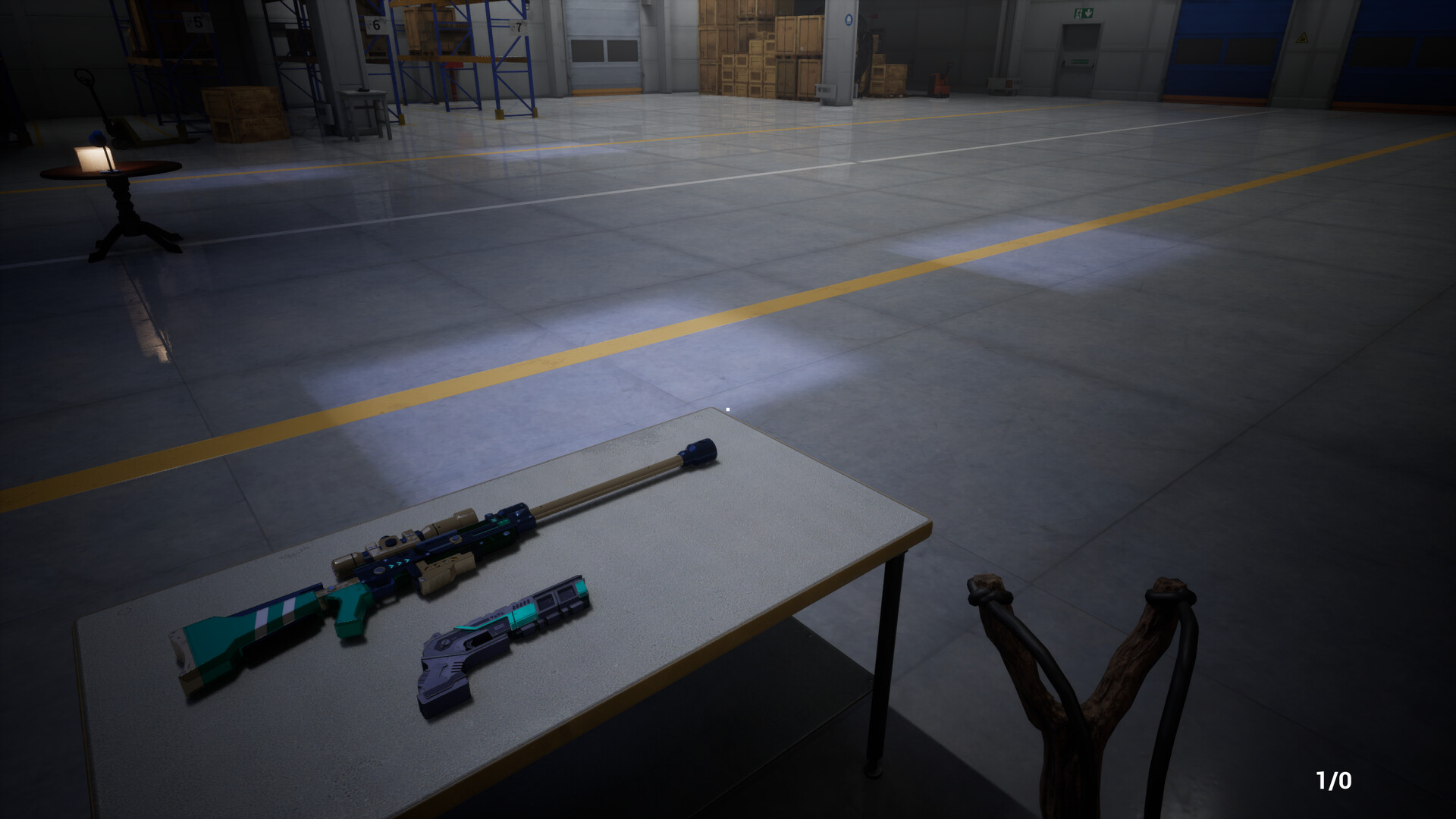 The Box Project screenshot 5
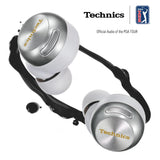 Technics Reference Class Hi-Fi Wireless Ear Buds, Dolby Atmos with Head Tracking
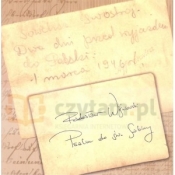 Psalm do św. Sabiny - Radosław Wiśniewski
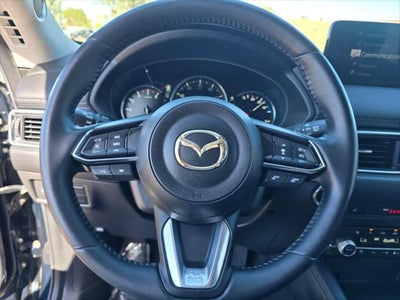 Mazda CX-5 2.5 S 2023 con paquete Premium Plus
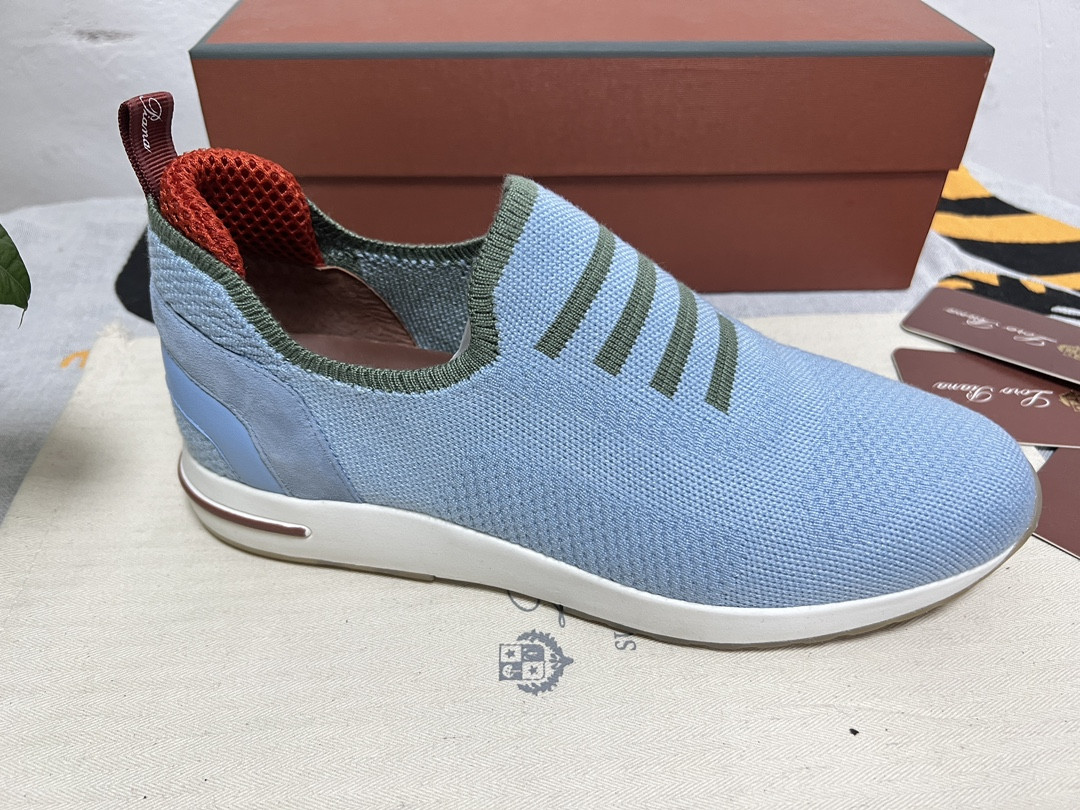 UA L0r0 P1ana 360 LP Flexy Walk Sneaker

——

Exercise objective:
Restate each entry exactly, omitting pictures.

Answer:
 The Box Project screenshot 5
 Technics Reference Class Hi-Fi Wireless Ear Buds, Dolby Atmos with Head Tracking
 Psalm do św. Sabiny - Radosław Wiśniewski
 Mazda CX-5 2.5 S 2023 con paquete Premium Plus
 UA L0r0 P1ana 360 LP Flexy Walk Sneaker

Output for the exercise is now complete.